MateRobot utilizes a vision-based approach to identify different materials, which is essential for helping users understand their surroundings and make informed decisions.
The system is designed to be user-friendly for PVI individuals, focusing on improving their daily life by providing real-time feedback about the materials they encounter.
The research employs state-of-the-art image segmentation algorithms that increase the accuracy of material recognition.

Navigation and Obstacle Avoidance

We develop a mobility and navigational aid system for visually impaired persons, i.e. blind persons or persons with low vision. The system should enable visually impaired persons to navigate safely in an unknown terrain. It uses computer vision methods to detect landmarks, obstacles and free ground surface in front of the user. Acoustic as well as haptic interfaces (e.g. vibrating elements) are used to give information to the user. We have already created a prototype to this end and develop the system in a user-centered way, which is made possible by our tight cooperation with KIT Center for Digital Accessibility and Assistive Technolgoy (ACCESS∂KIT).

In the long term, we wish to allow visually impaired people to move around and to find their way safely on their own in a new environment, such as an unknown city or any other urban or rural environment. In the short term, our goal is to build a mobile system that helps visually impaired students to safely explore our university campus.

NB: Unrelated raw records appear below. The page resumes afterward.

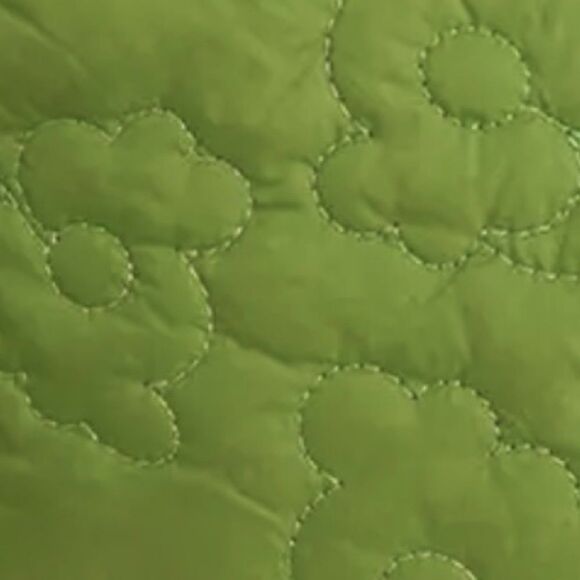 Quilted Light Olive Green Floral Makeup Bag NWOT - Picture 4 of 4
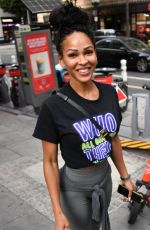 AMBER RILEY and MEAGAN GOOD Out to Vote in the 2024 Presidential Election in Los Angeles 11/05/2024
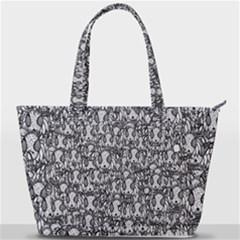 Sketchy Monster Insect Drawing Motif Pattern Back Pocket Shoulder Bag  by dflcprintsclothing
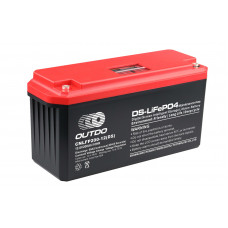 OUTDO CNLFP200-12.8 / Outdo 12.8V 200Ah (10hr) LIFePO4 Tam Bakımsız Energy Storage Lityum Akü Deep Cycle - Dijital Ekranlı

Our goal is to build a mobile assistive system to support the mobility of visually impaired people in various ways:

provide orientation and navigation information (like GPS navigation systems)
warn user before obstacles, both on the ground as well as high/low hanging obstacles
plan a route beforehand, i.e., before a user can reach it with the white cane, with respect to the current situation, e.g., detect accessible section and obstacles along the path
provide additional information about "the scene", e.g., type of intersection, walkway, people or cyclists approaching or oncoming traffic
create situation specific "modules", e.g., crossing an inaccessible road intersection (button location, traffic light detection, anti-veering), help with zebra crossings, locating building entries and many others.